The opening scenes and the “cowboy” in sunglasses resemble Rosenberg’s Cool Hand Luke, which premiered nine weeks earlier.

Sarafian’s direction is extremely astute, daring, well-conceived, harmonious and beautiful, particularly in the humorous vortex where Robinson finds himself forced as it were to grow up in a very short time.

Earle Hagen applies the pit band of Stravinsky’s Les Noces to horns and strings, suggesting the bridegroom’s reluctance.

Culp’s script magnifies the torment amid memories of “Green Eyes” and Flash Gordon and the Katzenjammer Kids, all of which return to Robinson while hiding in the barn with injuries received from the saboteurs, Nigh’s film is conspicuous by its absence.

 

Fragment of Fear

A beautiful expostulation of lucid nightmare that despite its critics (the Catholic News Service Media Review Office was “infuriated”) is perfectly serviceable, though the sufferer and hero is represented as broken in mind and spirit, beyond all hope of comprehension, the point being that the terms and elements are given and must be reflected upon.

He has lain down with dogs, the fleas are a blackmailing nuisance but the dogs are deadly, one of them at least has an in at Whitehall.

Pompeii, disco, death of an English aunt. With David Hemmings, a further consideration of Antonioni’s Blowup.

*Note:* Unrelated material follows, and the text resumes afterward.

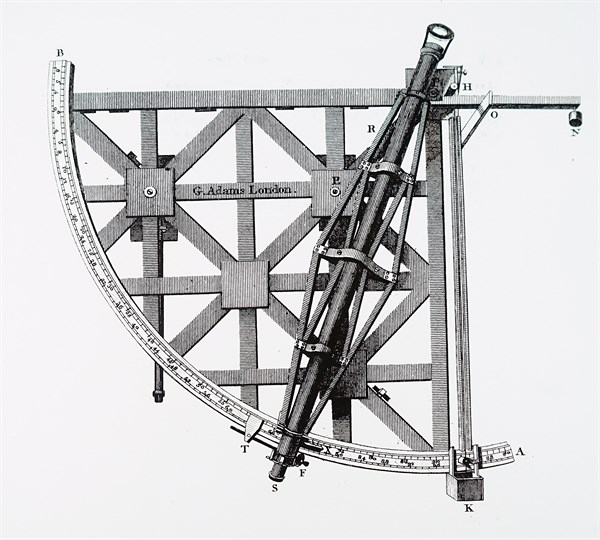 Illustration of an astronomical quadrant, an instrument used to measure angles up to 90 degrees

According to Britmovie, “delivers very little of anything.” Halliwell’s Film Guide exactly coincides with the Catholic News Service, but on the calmer side of an English temperament, “the details and character cameos are excellent.” TV Guide, which notably thought the Antonioni a puzzle, has “ultimately frustrating”.

 

 

Man in the Wilderness

A purely abstracted image from A Man Called Horse, manipulated so as to draw out the discourse toward The Martian Chronicles, or an important preparation for The Life and Times of Judge Roy Bean.

 

The Man Who Loved Cat Dancing

Wyoming (Wamsutter, Point of Rock, Diamond Mesa).

A very long narrative that begins before the film and starts anew at the end.

The curious feature of this is the false founding on an honorable lie, the rape and murder of Cat Dancing.

That’s finally settled at the Shoshone village, between South Pass (an abandoned mining town) and the cave.

A faithless marriage and a loveless one split and reform, properly united, that is the action.

The unbroken thread of narrative sustained so long and finally unsnarled like a magic trick had the critics vexed in corners, the thing has not been well perceived (some of the performances have been praised, they are all remarkable).

There is a relation to McLaglen’s something big, set up via tenuous crosscurrents to put Mann’s Man of the West in a proper perspective, you might say.

 

Sunburn

A disco player and a teddy bear machine-gunned in Acapulco—there you have the central image, a comical side-throw to Banacek, with a reminiscence of The Long Goodbye.

 

Street Justice

Civic corruption is bounded by city limits, you can drive from contiguous town to town and see where it begins and ends, noting the particular level of depredation, you can read it like Darwin observing geological formations.

Sarafian has the tale of an agent with the CIA now at home in just such a place with its visceral reality. He goes to town.